Getting Our Priorities Straight
Mike Treder
2009-03-30 00:00:00

A big step toward achieving that goal would be a general acknowledgment that items like decent housing, health care, and basic education are fundamental human rights and not just privileges reserved for those who can afford them.

Putting such words into action is not easy, of course -- one of the first acts of the fledgling United Nations was to pass the Universal Declaration of Human Rights in 1948, but we are still a long way from seeing it fulfilled in much of the world, including the United States.

Unless and until the most basic human rights for all humans are assured of protection, technoprogressives will not get very far in promoting access to enabling technologies. And we shouldn't. Our first priority must be to build a strong foundation, and only then to start actual construction of our platform upon that.

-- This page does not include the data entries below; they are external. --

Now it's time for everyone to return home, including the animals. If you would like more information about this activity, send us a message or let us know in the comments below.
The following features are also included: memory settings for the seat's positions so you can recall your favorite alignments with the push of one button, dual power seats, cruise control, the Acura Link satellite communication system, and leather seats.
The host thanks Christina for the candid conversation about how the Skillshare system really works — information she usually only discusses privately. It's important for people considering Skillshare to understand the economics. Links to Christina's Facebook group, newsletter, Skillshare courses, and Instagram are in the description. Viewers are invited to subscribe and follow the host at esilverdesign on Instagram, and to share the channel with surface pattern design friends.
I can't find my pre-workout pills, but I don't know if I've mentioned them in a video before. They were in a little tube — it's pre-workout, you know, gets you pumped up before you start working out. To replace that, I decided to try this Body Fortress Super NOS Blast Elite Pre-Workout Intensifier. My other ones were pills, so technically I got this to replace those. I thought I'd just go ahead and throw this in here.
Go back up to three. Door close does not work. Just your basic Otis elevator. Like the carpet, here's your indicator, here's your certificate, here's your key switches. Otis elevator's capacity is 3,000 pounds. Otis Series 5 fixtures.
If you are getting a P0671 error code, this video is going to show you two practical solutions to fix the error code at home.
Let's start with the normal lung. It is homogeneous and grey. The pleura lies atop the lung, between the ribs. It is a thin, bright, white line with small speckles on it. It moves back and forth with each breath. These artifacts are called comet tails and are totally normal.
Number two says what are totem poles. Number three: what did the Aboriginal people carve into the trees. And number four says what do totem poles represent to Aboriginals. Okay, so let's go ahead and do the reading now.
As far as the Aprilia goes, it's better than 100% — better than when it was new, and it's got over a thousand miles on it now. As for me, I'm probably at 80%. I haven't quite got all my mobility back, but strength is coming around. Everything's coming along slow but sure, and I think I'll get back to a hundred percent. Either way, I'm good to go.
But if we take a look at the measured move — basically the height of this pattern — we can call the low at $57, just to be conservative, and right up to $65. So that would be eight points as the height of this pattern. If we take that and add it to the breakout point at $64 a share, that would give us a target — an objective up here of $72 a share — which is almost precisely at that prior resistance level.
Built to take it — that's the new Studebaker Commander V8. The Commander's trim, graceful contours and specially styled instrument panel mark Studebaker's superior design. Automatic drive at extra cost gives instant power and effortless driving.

Both the foundation and platform might take some of their shape from another old idea -- Abraham Maslow's pyramidal "hierarchy of needs," a theory he originally proposed in 1943:







By putting our weight squarely behind efforts to insure that all humans (and someday all sentient beings) have a right to at least the lowest level on Maslow's hierarchy -- and, arguably, the second level as well -- then we'll have a much better chance of getting somewhere.

After that process seems well on its way, we can focus on higher levels. With this approach, communities and nations will be quite used to the idea of recognizing and guaranteeing access to basic rights. The challenge, then, is to continually upgrade the meaning of "basic rights" until eventually we reach the point when our demands will include all of the enabling technologies that can be offered safely and responsibly.